Twenty20 cricket series in 2015

Cricket All-Stars (also known as Cricket All-Stars Series) was an exhibition Twenty20 cricket series took place in the United States in 2015. The series features two lineups of renowned retired cricket players from around the world, led by cricket icons – Sachin Tendulkar of India and Shane Warne of Australia.

== Background ==
The inaugural series was held across three cities in the United States. A second series was announced to be held in September/October 2017 but later it got scrapped due to issues between Sachin Tendulkar & Shane Warne; it hasn't returned thereafter.

== Teams ==
The All-Stars Series was a set of games played between Sachin's Blasters led by Sachin Tendulkar and Warne's Warriors led by Shane Warne. The two captains selected their respective squads by randomly drawing out the player names on 5 November 2015 at Times Square.

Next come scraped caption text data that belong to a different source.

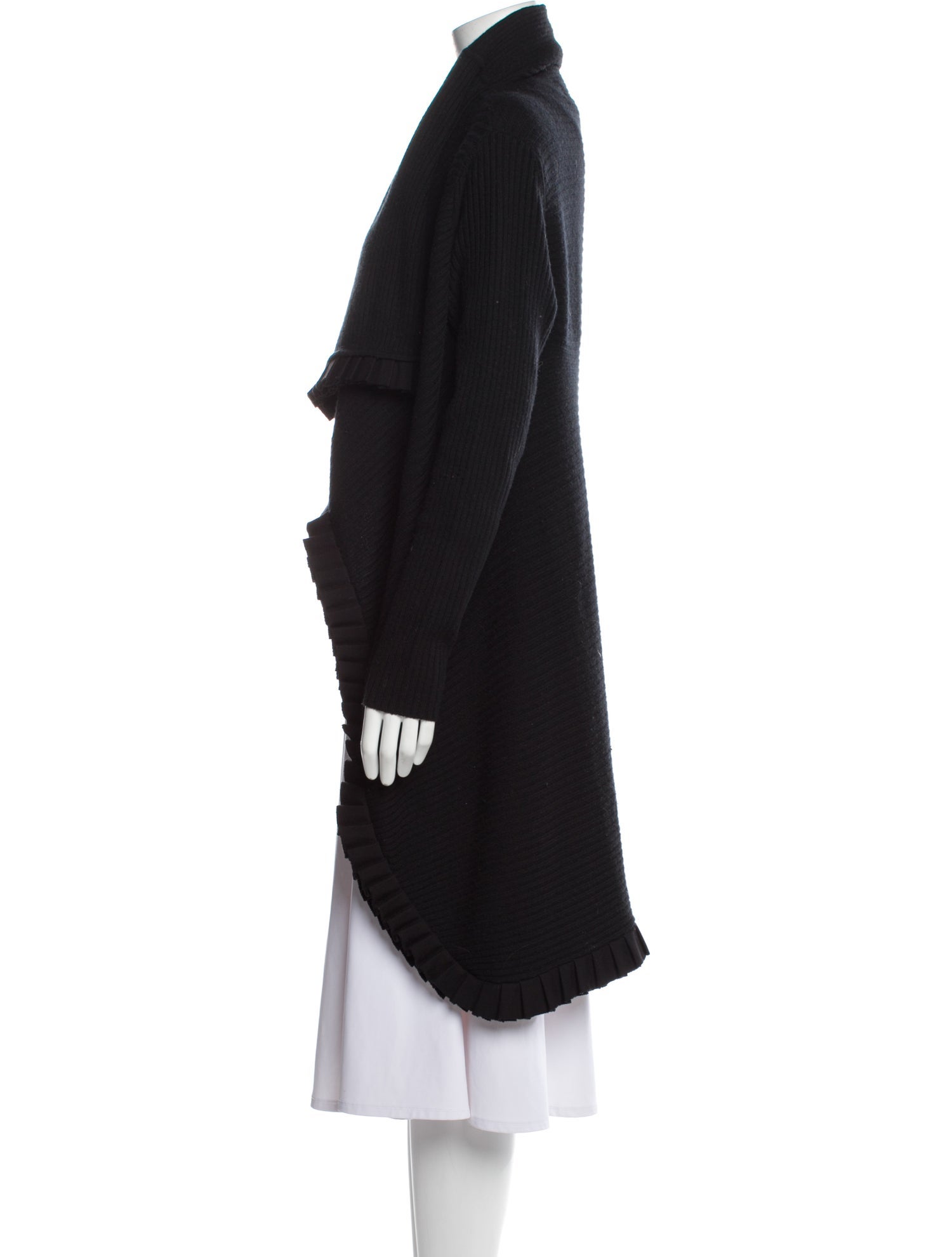 Malandrino Wool Open Front Sweater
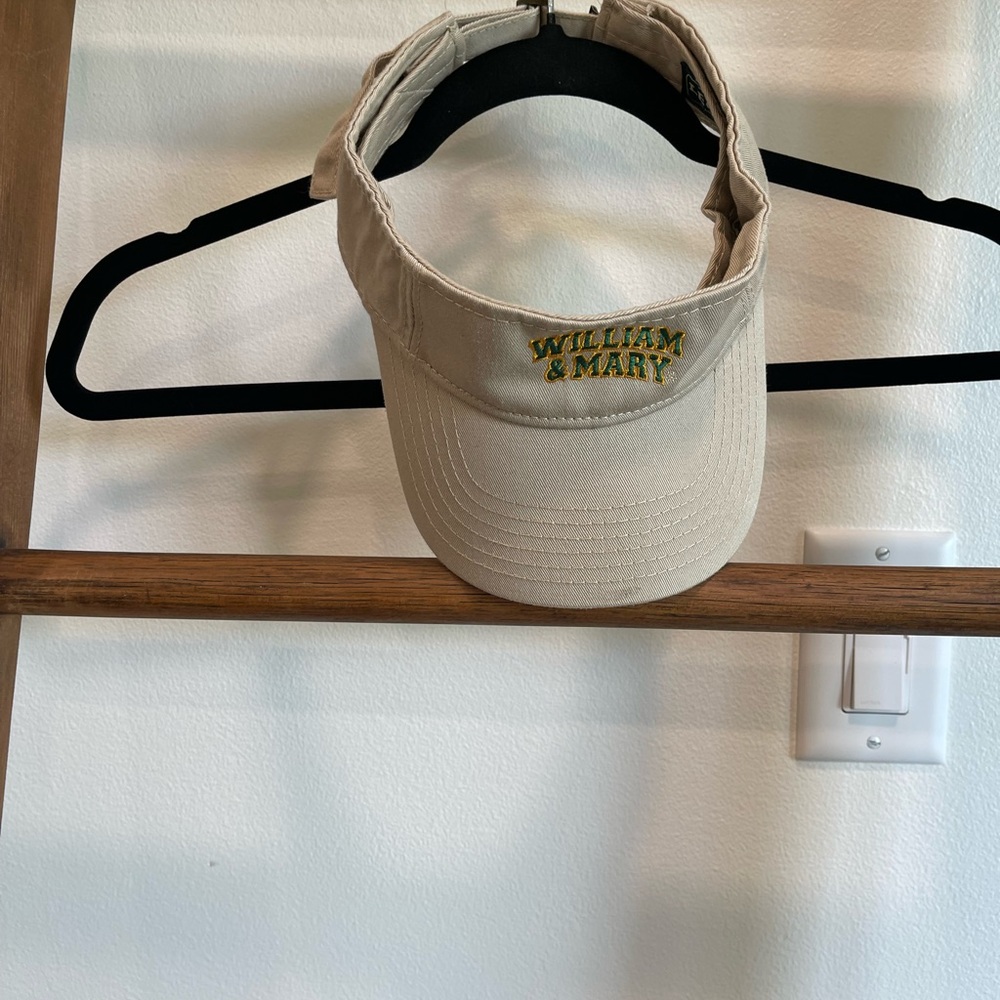 William & Mary College Beige Visor - Picture 2 of 4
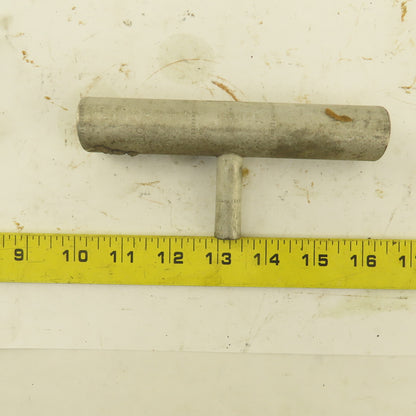 Square D 4/0-500 MCM x #6-1/0 TEE TiN Coated Copper Crimp Fitting Lot Of 6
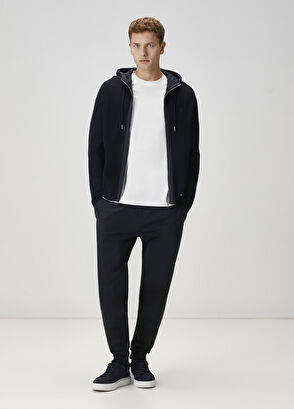 Beymen Club Lacivert Kapüşonlu Triko Hırka - 3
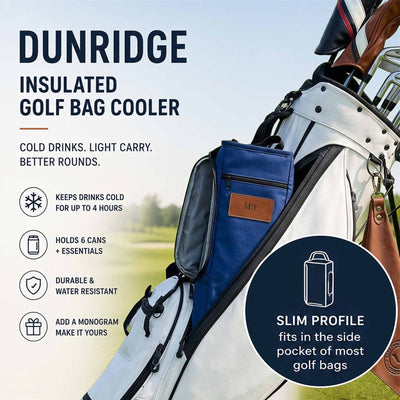 Dunridge Personalized Insulated Golf Bag Cooler - Navy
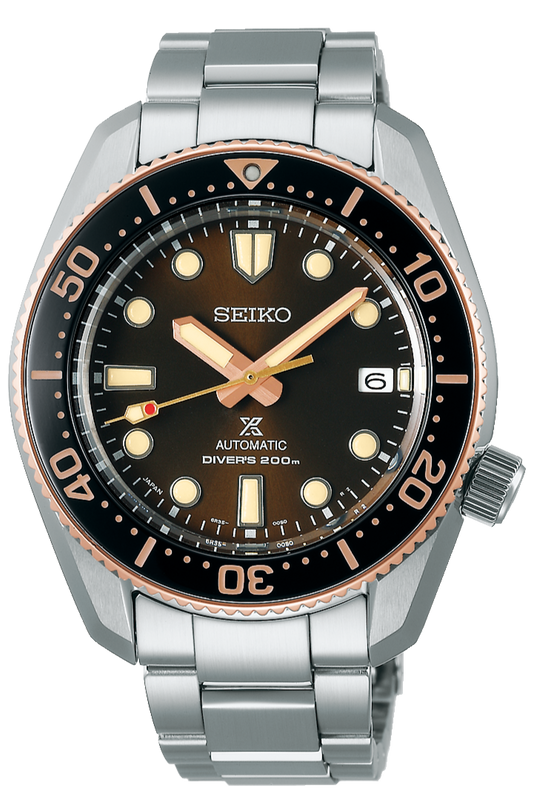Buy Shop Seiko Prospex Sea Diver Automatic Brown Dial Silver Steel Strap Watch For Men - SPB240J1 USA Online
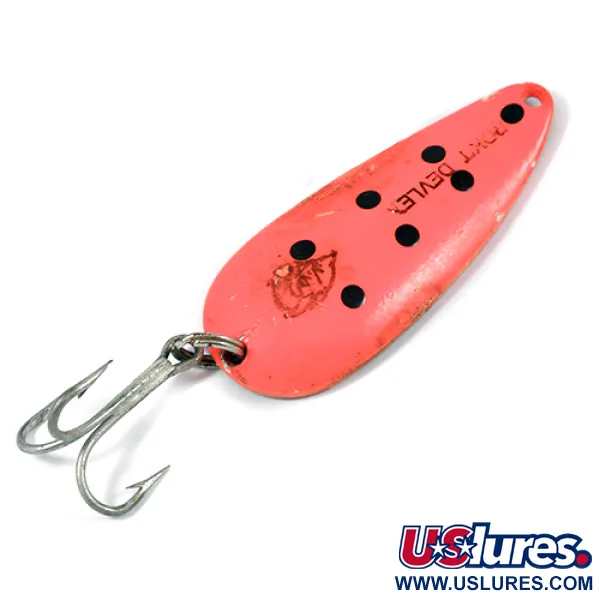 Vintage  Eppinger Dardevle Rok't Devlet, 1 1/4oz Red / Black / Nickel fishing spoon #2061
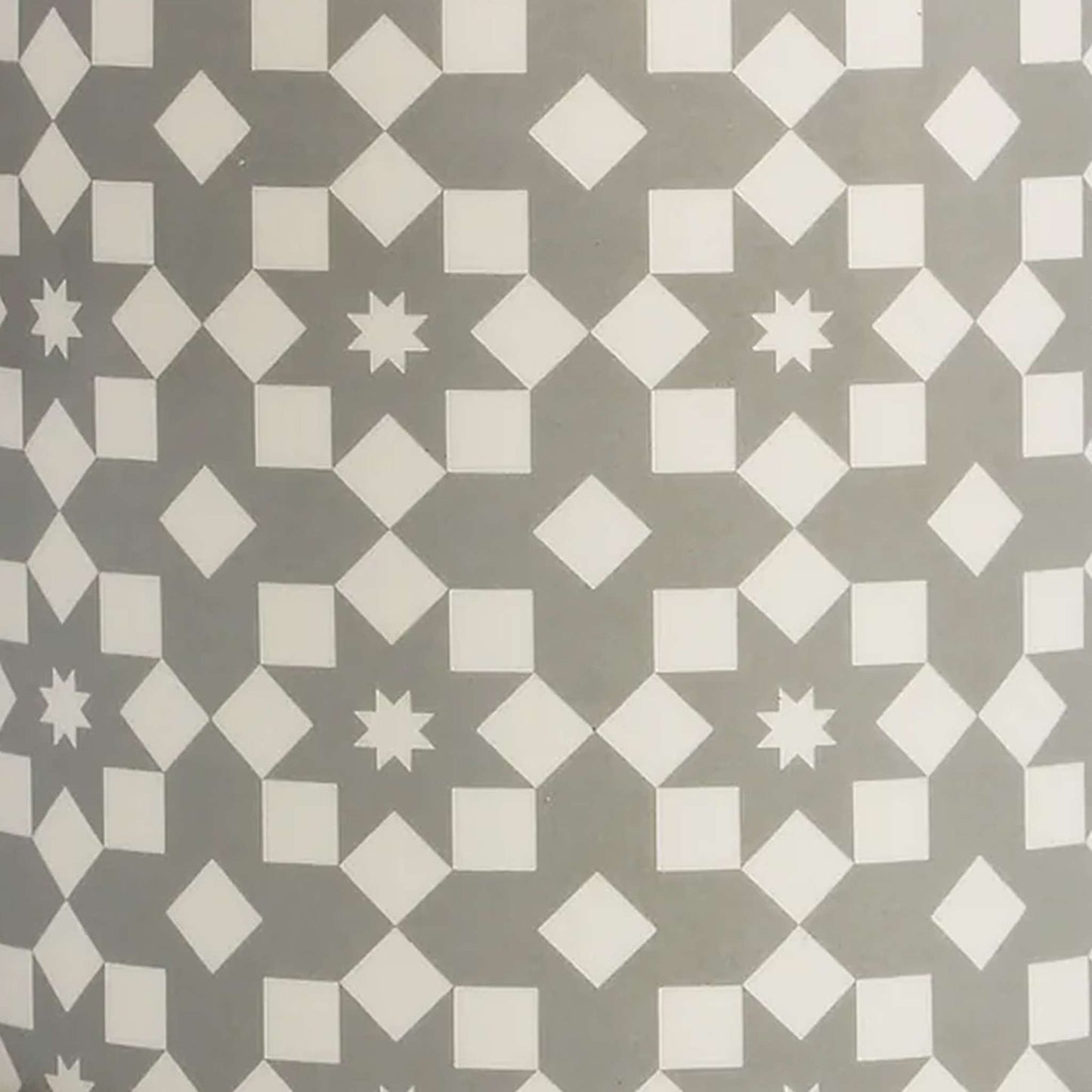 Ceramic Plant Pot Tiles Design Grey Flowers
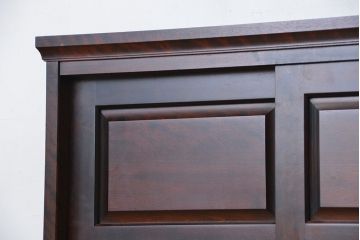 中古　北海道民芸家具　特注品　樺材　脚付き下駄箱(収納棚)(定価約20万)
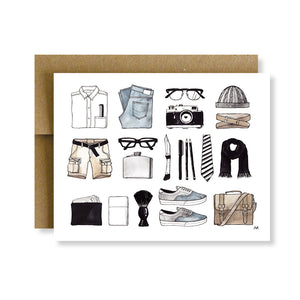 mens fashion items card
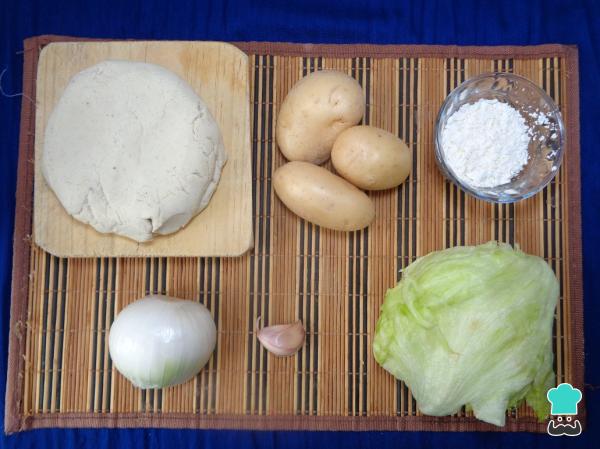 Recette de Quesadillas aux pommes de terre frites - Étape 1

| Sachin's Blasters | Warne's Warriors |
|---|---|
| IND Sachin Tendulkar (c); IND Virender Sehwag; IND VVS Laxman; WIN Brian Lara; IND Sourav Ganguly; SRI Mahela Jayawardene; WIN Carl Hooper; PAK Moin Khan (wk); SRI Muttiah Muralitharan; ENG Graeme Swann; WIN Curtly Ambrose; RSA Shaun Pollock; AUS Glenn McGrath; RSA Lance Klusener; PAK Shoaib Akhtar; | AUS Shane Warne (c); AUS Matthew Hayden; ENG Michael Vaughan; AUS Ricky Ponting; RSA Jonty Rhodes; RSA Jacques Kallis; AUS Andrew Symonds; SRI Kumar Sangakkara (wk); PAK Saqlain Mushtaq; NZL Daniel Vettori; WIN Courtney Walsh; PAK Wasim Akram; RSA Allan Donald; IND Ajit Agarkar; NZL Shane Bond; |

== Venues ==
All three matches of the series played in baseball stadiums. Initially in June 2015, Wrigley Field in Chicago and Yankee Stadium in New York were booked as venues, along with Dodger Stadium in Los Angeles. However, in October 2015, the former two venues were replaced by New York Mets' home ballpark Citi Field and Houston Astros' home ballpark Minute Maid Park. The first match was a day game in New York, while the second and third played under lights in Houston and Los Angeles respectively.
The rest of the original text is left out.